If you answered 'red' to this question, you are of course....both entirely right and wrong, at the same time!
The photo was taken by Akiyoshi Kitaoka and I came across the story in David McRaney's really interesting book: How Minds Change - though you can also see and read a bit about it here on his website.
So, how were you both right and wrong?
Well, you were right because we all know that strawberries are red and the original strawberries used for this photo were just as red as you would expect.
But you were also wrong, because the photo really isn't red, and thanks to the wonders of modern technology, we can measure this. I copied the image into MS Paint and used the dropper there to analyse the red, green and blue mix for various spots. They all showed something similar to what I've shown here:

Every point I selected had equal quantities of blue and green and significantly less red. Green and blue together create what physics textbooks usually call cyan - which is pretty much the colour of the surrounding to the strawberries above. Add in a little red and it should look something like the highlighted point on the colour scale opposite: a sort of cyan-grey mix.

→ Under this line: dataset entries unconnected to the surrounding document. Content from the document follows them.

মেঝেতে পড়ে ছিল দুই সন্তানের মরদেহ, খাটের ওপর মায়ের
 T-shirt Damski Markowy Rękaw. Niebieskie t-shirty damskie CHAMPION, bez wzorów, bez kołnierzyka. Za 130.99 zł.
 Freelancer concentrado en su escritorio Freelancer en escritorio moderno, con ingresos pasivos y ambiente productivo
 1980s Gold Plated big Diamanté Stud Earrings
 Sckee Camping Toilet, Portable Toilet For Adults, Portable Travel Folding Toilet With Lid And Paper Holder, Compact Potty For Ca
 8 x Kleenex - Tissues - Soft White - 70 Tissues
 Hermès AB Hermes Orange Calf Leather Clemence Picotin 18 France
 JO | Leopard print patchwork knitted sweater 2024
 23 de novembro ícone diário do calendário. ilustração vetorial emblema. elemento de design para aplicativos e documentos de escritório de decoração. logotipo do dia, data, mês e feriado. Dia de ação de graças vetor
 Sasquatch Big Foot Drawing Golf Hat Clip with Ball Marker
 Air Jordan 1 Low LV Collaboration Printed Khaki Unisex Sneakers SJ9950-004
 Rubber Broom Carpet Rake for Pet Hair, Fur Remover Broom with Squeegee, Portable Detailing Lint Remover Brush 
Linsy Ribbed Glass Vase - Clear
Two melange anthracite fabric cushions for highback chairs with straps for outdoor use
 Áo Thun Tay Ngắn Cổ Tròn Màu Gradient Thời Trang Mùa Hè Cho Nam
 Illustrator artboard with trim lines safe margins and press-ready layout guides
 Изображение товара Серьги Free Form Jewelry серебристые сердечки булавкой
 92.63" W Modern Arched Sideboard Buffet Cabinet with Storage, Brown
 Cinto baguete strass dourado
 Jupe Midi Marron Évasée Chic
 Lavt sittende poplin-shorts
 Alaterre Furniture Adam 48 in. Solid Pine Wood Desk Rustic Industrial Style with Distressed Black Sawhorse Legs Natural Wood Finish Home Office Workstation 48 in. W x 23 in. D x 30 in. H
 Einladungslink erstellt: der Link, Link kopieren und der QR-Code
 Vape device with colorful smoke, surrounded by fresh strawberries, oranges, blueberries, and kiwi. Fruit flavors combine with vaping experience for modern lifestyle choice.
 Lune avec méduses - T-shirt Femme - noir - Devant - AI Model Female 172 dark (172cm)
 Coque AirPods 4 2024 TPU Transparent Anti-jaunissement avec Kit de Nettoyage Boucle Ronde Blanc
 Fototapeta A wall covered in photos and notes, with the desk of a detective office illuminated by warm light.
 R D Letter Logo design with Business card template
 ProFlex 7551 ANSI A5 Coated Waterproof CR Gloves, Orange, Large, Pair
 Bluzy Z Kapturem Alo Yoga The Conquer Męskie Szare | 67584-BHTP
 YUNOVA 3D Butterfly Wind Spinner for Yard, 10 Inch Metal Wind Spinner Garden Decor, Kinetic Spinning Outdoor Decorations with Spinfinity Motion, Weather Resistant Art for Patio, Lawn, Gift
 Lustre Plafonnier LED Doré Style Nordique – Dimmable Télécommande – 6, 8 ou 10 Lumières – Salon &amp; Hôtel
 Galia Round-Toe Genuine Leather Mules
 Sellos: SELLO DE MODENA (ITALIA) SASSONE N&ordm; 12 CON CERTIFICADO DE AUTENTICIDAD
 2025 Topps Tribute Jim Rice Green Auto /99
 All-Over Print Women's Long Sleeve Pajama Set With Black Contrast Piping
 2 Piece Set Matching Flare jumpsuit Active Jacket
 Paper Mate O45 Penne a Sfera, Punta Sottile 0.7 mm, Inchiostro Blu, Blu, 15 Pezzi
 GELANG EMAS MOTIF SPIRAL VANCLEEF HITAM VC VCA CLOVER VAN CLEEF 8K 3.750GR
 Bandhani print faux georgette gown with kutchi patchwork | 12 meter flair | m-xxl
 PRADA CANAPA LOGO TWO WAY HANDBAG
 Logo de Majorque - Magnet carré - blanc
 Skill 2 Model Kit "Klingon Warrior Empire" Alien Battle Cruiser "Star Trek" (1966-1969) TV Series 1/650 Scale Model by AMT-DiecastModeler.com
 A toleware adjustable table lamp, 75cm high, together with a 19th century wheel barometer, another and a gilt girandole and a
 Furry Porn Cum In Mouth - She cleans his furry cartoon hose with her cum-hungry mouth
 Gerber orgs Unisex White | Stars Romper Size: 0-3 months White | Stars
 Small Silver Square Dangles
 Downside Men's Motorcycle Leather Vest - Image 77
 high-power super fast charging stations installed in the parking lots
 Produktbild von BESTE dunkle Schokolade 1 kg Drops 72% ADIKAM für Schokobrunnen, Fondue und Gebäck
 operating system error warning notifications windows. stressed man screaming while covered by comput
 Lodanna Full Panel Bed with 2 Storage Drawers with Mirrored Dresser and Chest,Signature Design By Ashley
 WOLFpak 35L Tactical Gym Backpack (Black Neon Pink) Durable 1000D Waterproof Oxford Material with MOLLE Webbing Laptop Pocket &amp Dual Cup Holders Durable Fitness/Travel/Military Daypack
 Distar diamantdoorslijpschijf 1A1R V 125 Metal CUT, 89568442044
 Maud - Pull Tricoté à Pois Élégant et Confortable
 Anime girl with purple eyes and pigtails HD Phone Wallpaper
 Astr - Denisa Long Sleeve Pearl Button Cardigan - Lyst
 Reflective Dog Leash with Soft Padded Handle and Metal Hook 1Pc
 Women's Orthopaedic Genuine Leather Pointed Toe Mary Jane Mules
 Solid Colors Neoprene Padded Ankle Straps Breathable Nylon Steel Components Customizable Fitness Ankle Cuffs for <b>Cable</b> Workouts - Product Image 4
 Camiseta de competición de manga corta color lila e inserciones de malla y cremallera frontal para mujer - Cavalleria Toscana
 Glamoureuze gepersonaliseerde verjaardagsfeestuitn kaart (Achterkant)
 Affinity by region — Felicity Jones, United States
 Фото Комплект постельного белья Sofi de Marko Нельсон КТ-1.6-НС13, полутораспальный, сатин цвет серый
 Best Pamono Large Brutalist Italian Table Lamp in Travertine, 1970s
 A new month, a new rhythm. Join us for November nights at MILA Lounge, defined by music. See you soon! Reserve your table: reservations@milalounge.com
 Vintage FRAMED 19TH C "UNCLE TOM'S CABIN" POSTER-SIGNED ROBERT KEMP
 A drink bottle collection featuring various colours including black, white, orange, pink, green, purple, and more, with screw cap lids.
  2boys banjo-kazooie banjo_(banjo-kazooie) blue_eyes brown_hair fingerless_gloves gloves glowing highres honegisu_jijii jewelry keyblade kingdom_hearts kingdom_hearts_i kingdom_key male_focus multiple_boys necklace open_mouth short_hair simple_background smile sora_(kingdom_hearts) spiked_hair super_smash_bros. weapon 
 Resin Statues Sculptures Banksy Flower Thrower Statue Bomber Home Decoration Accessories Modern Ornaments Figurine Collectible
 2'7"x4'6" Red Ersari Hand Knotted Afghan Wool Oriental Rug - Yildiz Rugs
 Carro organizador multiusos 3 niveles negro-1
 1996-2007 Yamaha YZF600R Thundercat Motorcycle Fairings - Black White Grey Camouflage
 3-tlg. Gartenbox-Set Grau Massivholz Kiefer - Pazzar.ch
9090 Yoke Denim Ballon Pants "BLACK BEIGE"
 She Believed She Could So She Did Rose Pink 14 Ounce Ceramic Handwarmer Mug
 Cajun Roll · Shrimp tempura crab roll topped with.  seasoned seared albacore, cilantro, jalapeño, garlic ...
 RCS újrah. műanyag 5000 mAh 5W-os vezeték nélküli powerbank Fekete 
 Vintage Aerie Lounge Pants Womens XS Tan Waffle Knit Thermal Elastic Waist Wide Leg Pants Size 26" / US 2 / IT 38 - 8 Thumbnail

So why does it look red to most of us? Well, McRaney explains that the odd lighting in the photo - the washed out, over-exposed look, which was deliberate - serves as a visual clue to us that something is amiss, so we mentally correct for this and ramp up the red in the image.
But what's really interesting to me here is that this is not something that we can switch on and off. Its not like the famous duck/rabbit image below - which we can train ourselves to see as either animal. I've read all about this, analysed the colour mix in the photo and looked at the image dozens of times - and I still see those strawberries as red.
This all, of course, connects up with the famous photo of 'the dress'. And the explanation for both is pretty much the same.
And the illusion (if that is what we should call it) may have an evolutionary link: the ability to filter out blue light - and mentally correct what we are seeing - may have helped our ancestors as they studied the landscape for either predators or prey.